--- The problem ---
All that is needed is the line containing "Foto del edificio - 313 E Grand Ave" and the lines after it to the end of the material, written out exactly, pictures left aside.

--- Material provided ---

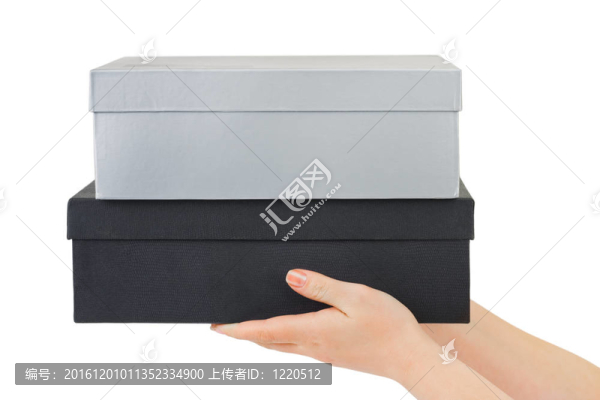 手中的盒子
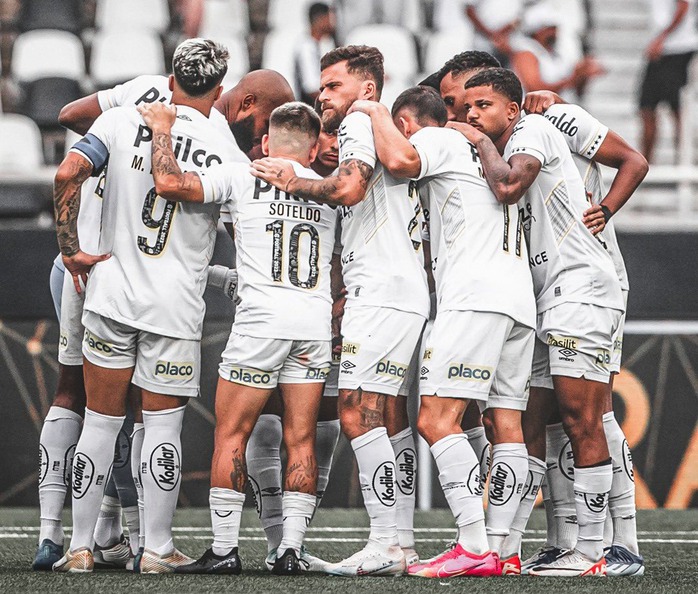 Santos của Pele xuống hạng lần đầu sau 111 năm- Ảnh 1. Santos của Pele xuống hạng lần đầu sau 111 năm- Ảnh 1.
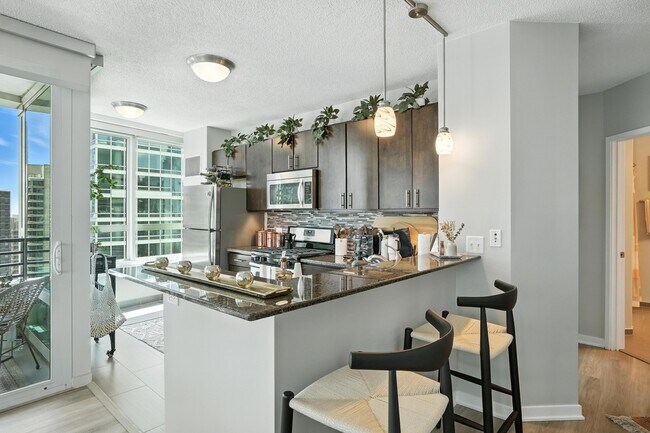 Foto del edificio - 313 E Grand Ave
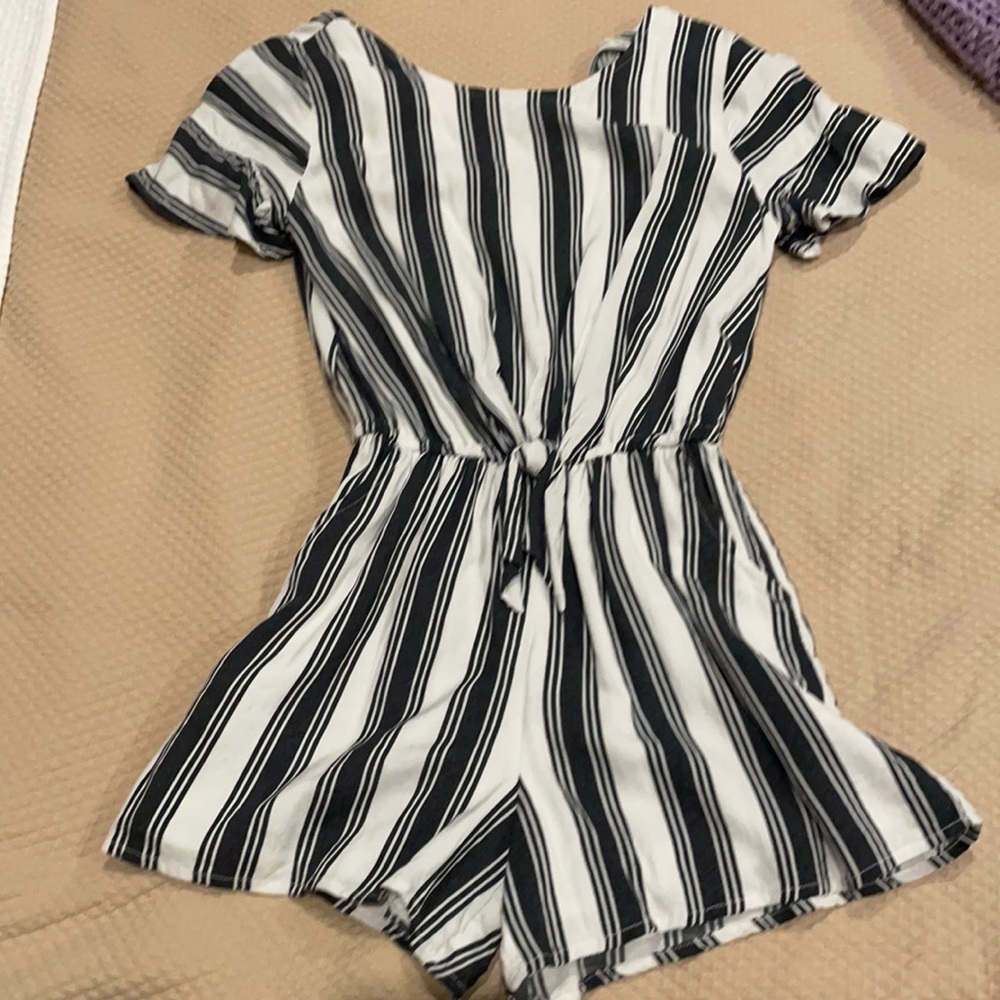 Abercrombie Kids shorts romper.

--- Exercise result ---
 Foto del edificio - 313 E Grand Ave
 Abercrombie Kids shorts romper.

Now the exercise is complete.